Première
par Christophe Narbonne
Le dernier plan de Dheepan s’achevait dans une lumière aveuglante qui inondait le nouveau logement londonien de la famille recomposée du héros -filmé comme un paradis terrestre par opposition à la sordide banlieue française où ce tamoul avait préalablement échoué sans le vouloir. Le scandale, pour certains, était entériné : Jacques Audiard signait un film réactionnaire qui dépeignait, tout en la disqualifiant, la France des “caillera” qu’il valait mieux laisser croupir. Vu comme ça, au premier degré, Dheepan apparaissait “idéologiquement douteux”, voire carrément “nauséabond”. Audiard n’a pas pu rester insensible à ces attaques personnelles qui faisaient semblant d’ignorer le caractère fantasmatique de son film, de sa volonté, disons maladroite, de dépolitiser la banlieue, de ne la penser que comme un décor de western urbain.
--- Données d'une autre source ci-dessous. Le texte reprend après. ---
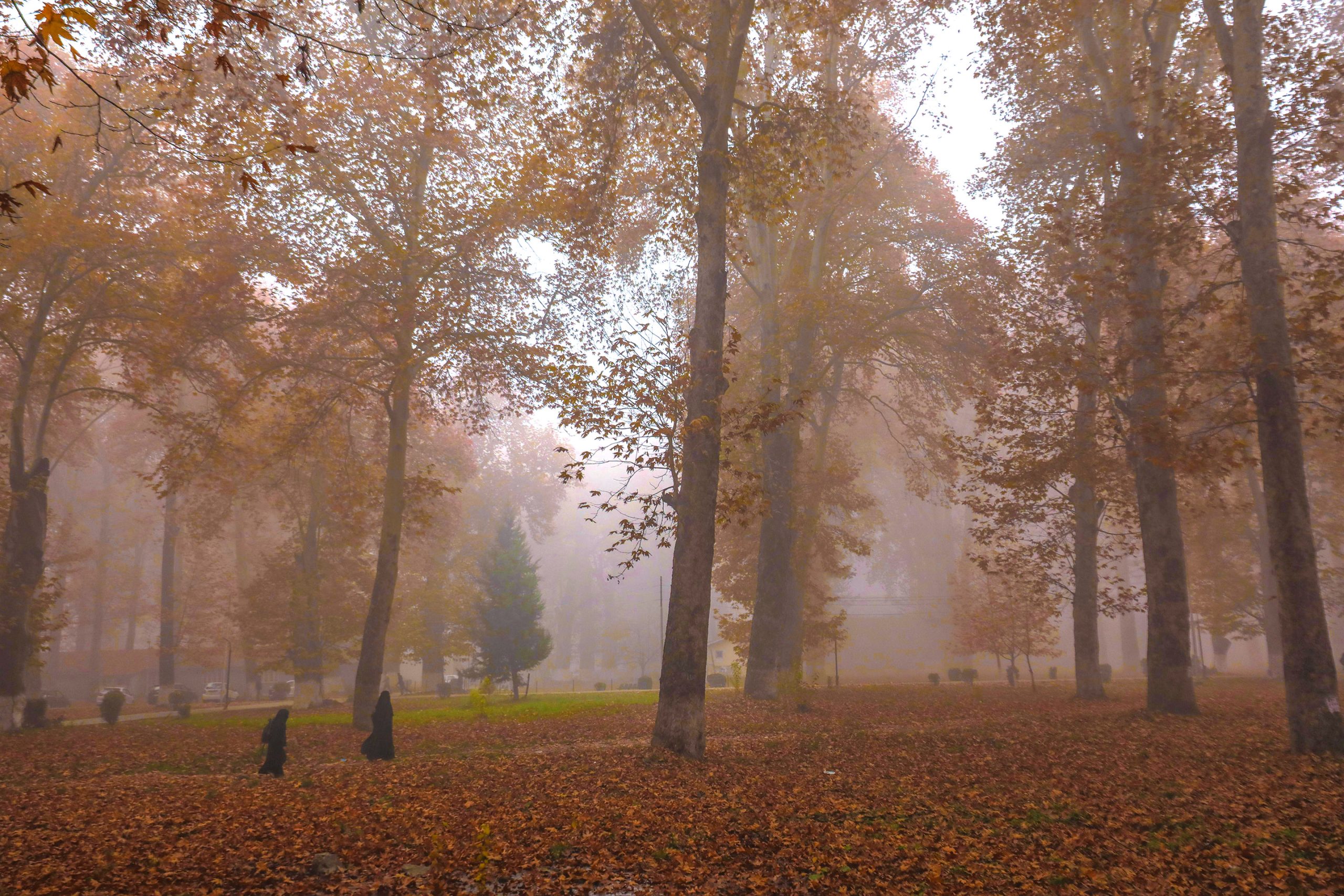 Cold wave grips Kashmir as mercury dips below freezing point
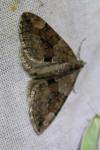Thera britannica/variata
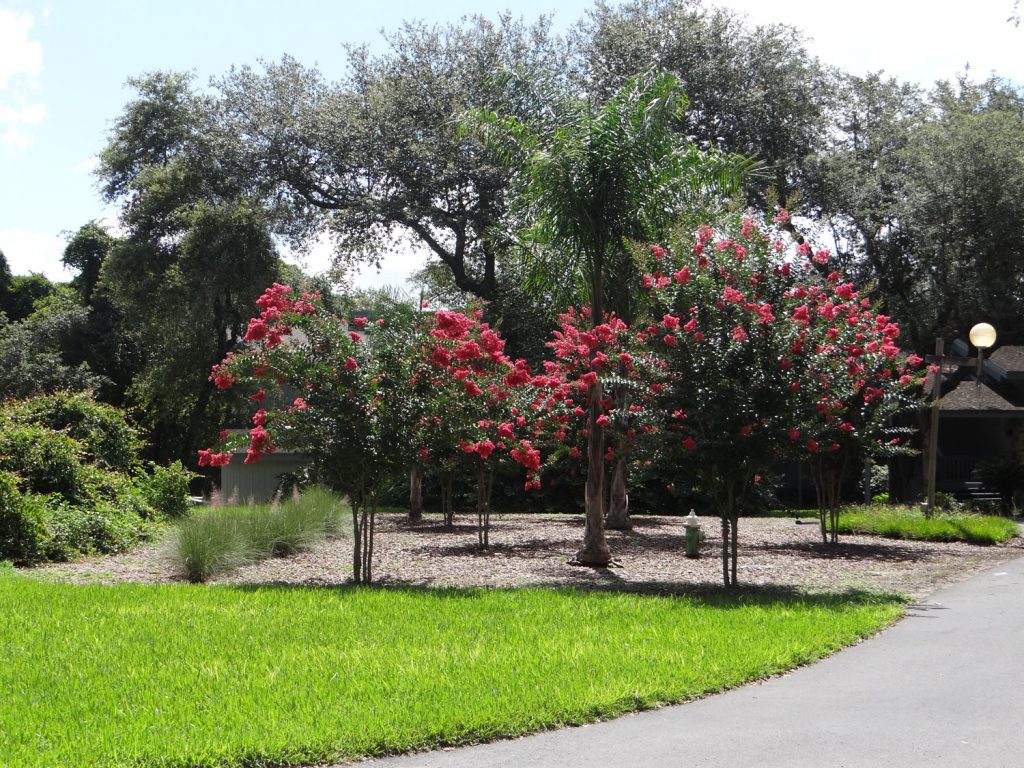 So many Myrtle trees!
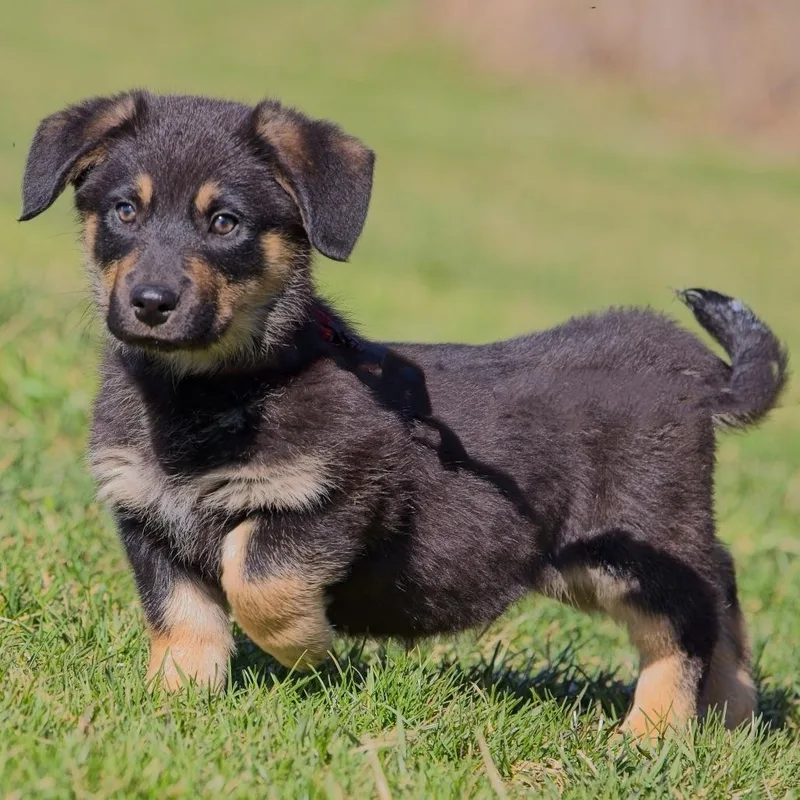 Panda Bear thumbnail 2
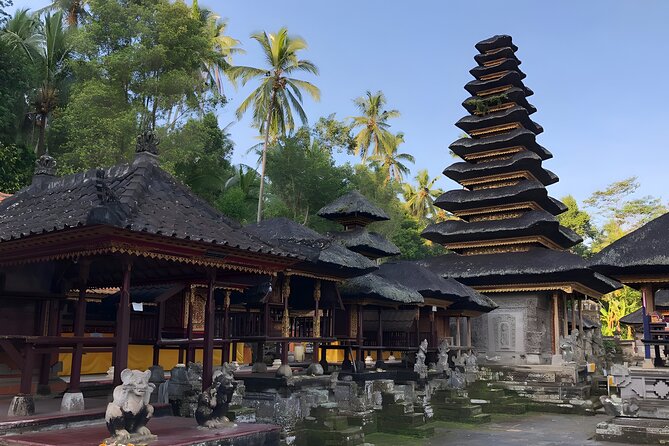 Private Full-Day Temple Tour: Bali Archaeology Tours - What the $40 price means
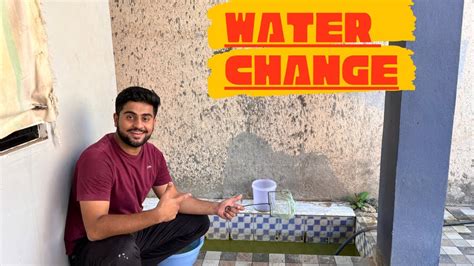 Aaj Water Change Kar Diya Baby Fish Pond Ka Petsvlog YouTube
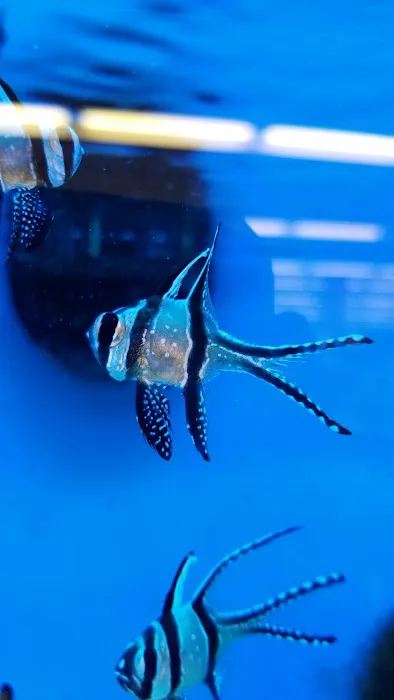 Petco 4
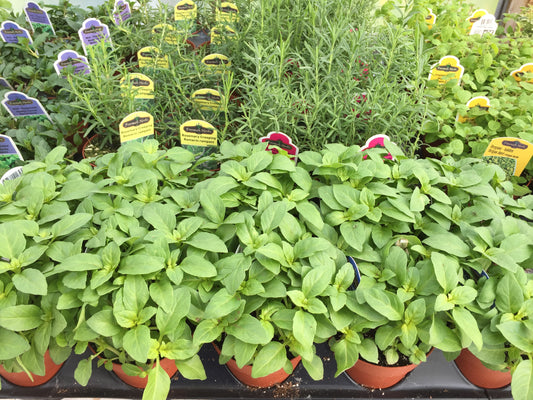 Culinary Herbs Window Box Workshop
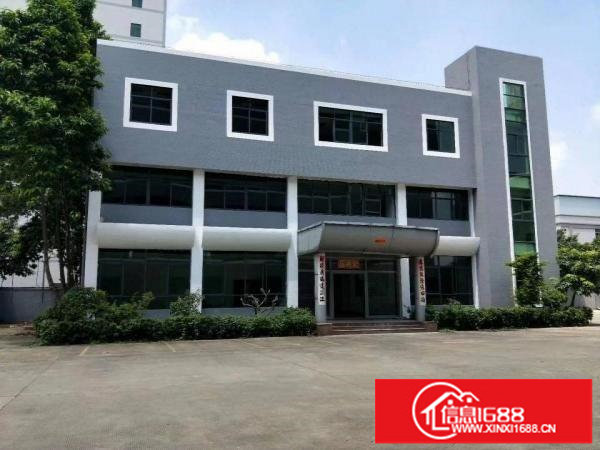 松岗原房东独院一二层3000平方无公摊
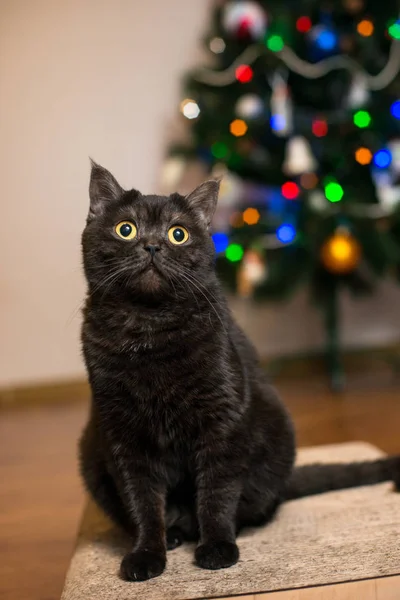 Bir kedi portresi. Scotish stenografi güzel kahverengi Bayan kedi Noel ağacı arka plan üzerinde
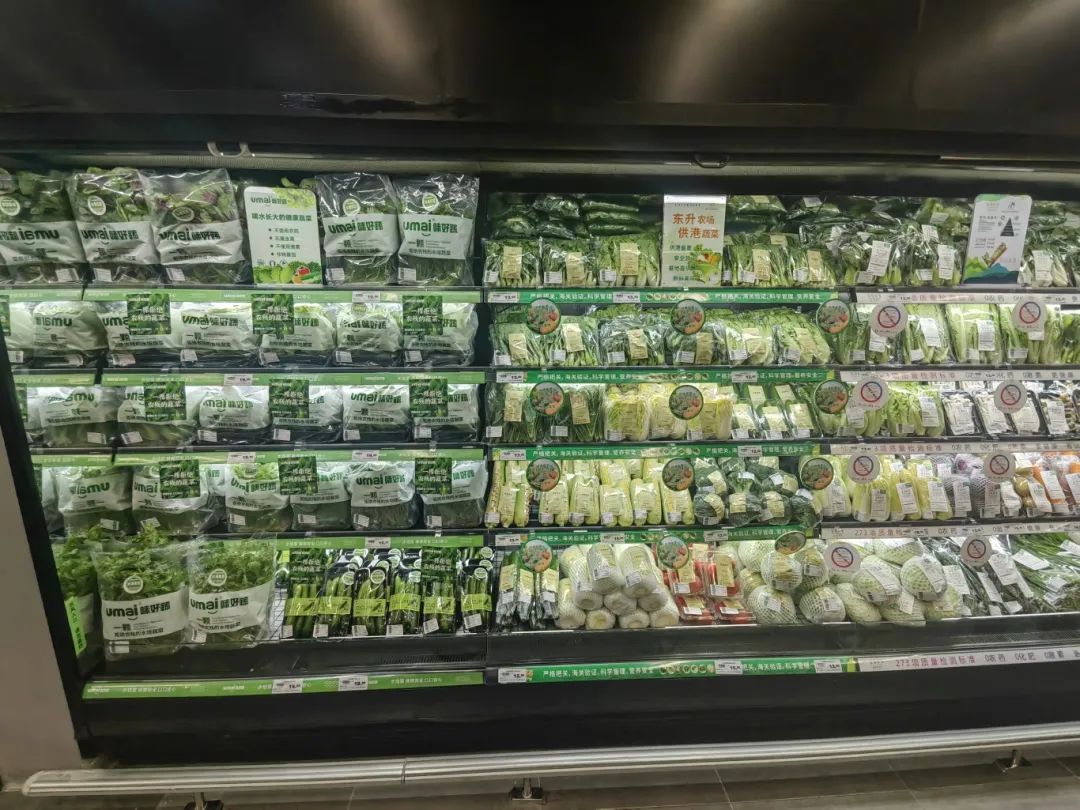 Z6·尊龙「中国」官方网站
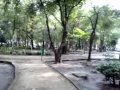 Parque Condesa Park Mexico City - Hotels Discounts Video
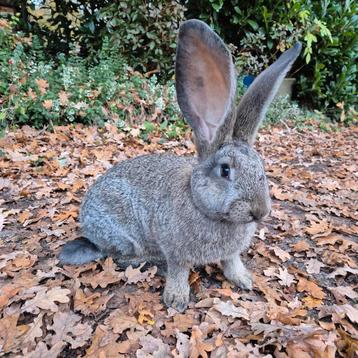 Prachtige duitse reus voedster, OUDERS GROOT!!, gevaccineerd beschikbaar voor biedingen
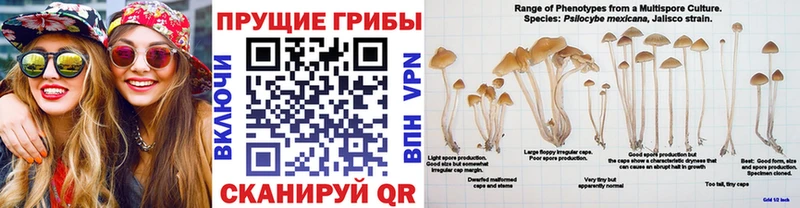 цены Мариинск darknet телеграм Галлюциногенные грибы GOLDEN TEACHER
Serait-ce pour corriger le tir, pour aller contre son précédent film ? Le premier plan des Frères Sisters est tout noir, brutalement illuminé par l’éclat d’un coup de feu, puis deux, puis trois. C’est un plan d’ensemble, en plongée. Des échanges verbaux lointains résonnent. De la pénombre émergent progressivement les deux héros, Charlie et Eli Sisters, des tueurs à gages dont la compétence ne fait aucun doute. Dheepan, ancien soldat, fuyait la violence qui était en lui, les frères Sisters l’ont faite leur. Retour aux origines du mal ? Pas si sûr. Rappelons-nous que Dheepan débutait aussi par une séquence nocturne, surréaliste, qui dévoilait un personnage incongru, encombré de joujoux brillants et multicolores. Le nouvel Audiard, on va vite le constater, s’inscrit bel et bien dans la continuité lumineuse de son prédécesseur.
Du Bien et du Mal
Les frères Sisters doivent débusquer et abattre Hermann Kermit Warm, un homme qui aurait trahi le mystérieux Commodore, leur commanditaire. Ombre maléfique filmée de loin, ce dernier semble faire office de figure paternelle (une obsession audiardienne) pour nos deux solitaires qui lui obéissent aveuglément. Le Bien et le Mal, ils s’en fichent comme de leur première cartouche. On est dans le ‘Wild Wild West’. Dans un premier temps, Audiard respecte humblement les conventions du genre, avec ses durs à cuire poussiéreux, ses grands espaces (en réalité roumains et espagnols !) filmés sans esbroufe. À mesure que la parole des protagonistes se libère, la chevauchée se transforme en conversation, le cadre se resserre, les plans “à l’iris”, cette marque de fabrique du réalisateur, surgissent, les visions oniriques aussi. La fable à la Dheepan se précise pour cet admirateur de Little Big Man, le grand western contestaire et pacifiste d’Arthur Penn. Guidé par le projet utopique de Warm (alchimiste qui a trouvé une formule chimique assurant potentiellement sa richesse destinée à bâtir une société fouriériste), le scénario d’Audiard et Thomas Bidegain dévoile ses véritables intentions qui consistent à rendre leur humanité et leur dignité à des personnages victimes de leur déterminisme familial et social. Une certaine naïveté est à l’œuvre comme dans cette scène où Eli Sisters découvrant les vertus du dentifrice -invention du monde civilisé- entame sa révolution intérieure. Une façon imagée, typiquement cinématographique, de proclamer l’immanence du Bien que l’aîné des frères ressent confusément et qu’il va tenter de transmettre à son cadet. L’occasion pour Audiard d’aborder pour la première fois la question de la fraternité -son inconscient biblique meurtrier, ses déchirements freudiens. Il le fait avec une sincérité et une tendresse folles que la dédicace du film à son frère aîné disparu vient renforcer.
Big Bang
La réussite d’une telle entreprise tient énormément au charisme de ses interprètes qui incarnent moins des personnages que des idées : l’héritage de la violence pour Charlie (Joaquin Phoenix, torturé comme jamais), la possibilité de la rédemption pour Eli (John C. Reilly, la bonté et la barbarie mêlés), le prophétisme zen pour Warm (Riz Ahmed, gueule d’ange faussement fragile), l’apostolat opportuniste pour John Morris (Jake Gyllenhaal, dans le rôle le plus ambigu d’un détective converti aux thèses de Warm). À rebours de Dheepan cette fois, plus taiseux et plus graphique, Audiard a choisi de grands acteurs pour sa peinture assez littéraire d’un monde finissant, comme un écho lointain au Nouvel Hollywood et à ses préoccupations progressistes teintées de mélancolie.